FIGS. 2a, 2b, 2c, 3a and 3b shows examples of cross sections of known flexible tongues 30, which could be used to lock short edges according to known vertical snap folding technology. FIG. 2a shows a separate tongue 30 with a flexible snap tab extending downwards. FIG. 2b shows a separate tongue with a flexible snap tab inside a displacement groove. FIG. 2c shows a flexible tongue 30 that bends horizontally during locking according to FIGS. 1a and 1b. FIG. 3a show an embodiment of the flexible tongue, which locks with a combined turning and snapping action. Such a locking system could be locked without any separation forces. It is however difficult to produce and creates considerable resistance during locking. FIG. 3b shows a flexible tongue that is connected with pre tension into a groove and that snaps out into a tongue groove when the pre tension is released. FIG. 3c shows a flexible tongue according to FIGS. 1c and 1d that is displaced with a side pressure from one groove into an adjacent tongue groove.

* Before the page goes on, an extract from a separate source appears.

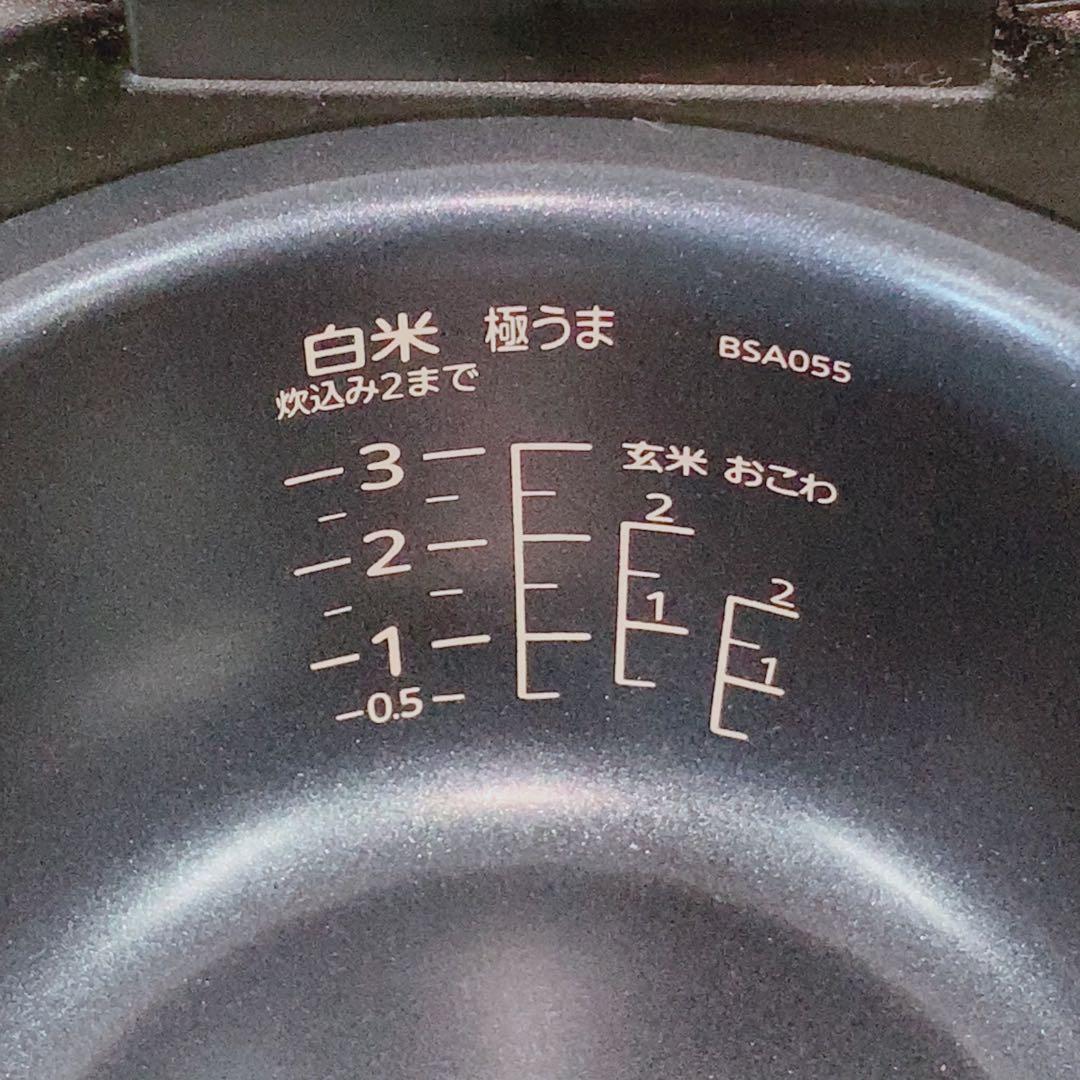 2024年製 タイガー 炊飯器 3合 JBS-B055 メタルブラック 厚釜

Vertical folding according to known technology requires, as shown above, that some parts of the locking system, generally some parts of a separate tongue, are bended or compressed when the edges are locked. This could be avoided with wedge shaped separate tongues using the side push technology. Such wedge shape tongues consist generally of two parts or they are connected to grooves, which are not parallel with the edge. This leads to the fact that expensive materials or complicated production methods must be used.
All these known embodiments will create a separation pressure or locking resistance during installation with vertical folding. This could cause the short edges to separate such that the locking system will be damaged or such that the panels will be difficult to install. Locking strength, locking quality and production costs are in some of the known vertical locking systems not competitive with traditional mechanical locking systems installed with combinations of angling and horizontal snapping
Locking systems using the vertical folding installation method could capture a considerable larger market share if separation and resistance problems could be eliminated and if production costs and locking quality could be improved.
A major objective of the invention is to provide solutions that avoid such separation and resistance problems during locking as much as possible and where preferably non-flexible materials or tongues consisting of one separate part only could be used.
Several of the above described known locking principles and installation methods could be used in the described embodiments of the invention and the basic principles of the invention related to specific parts of the locking systems, installation and production methods are also possible to use in the known prior art locking systems.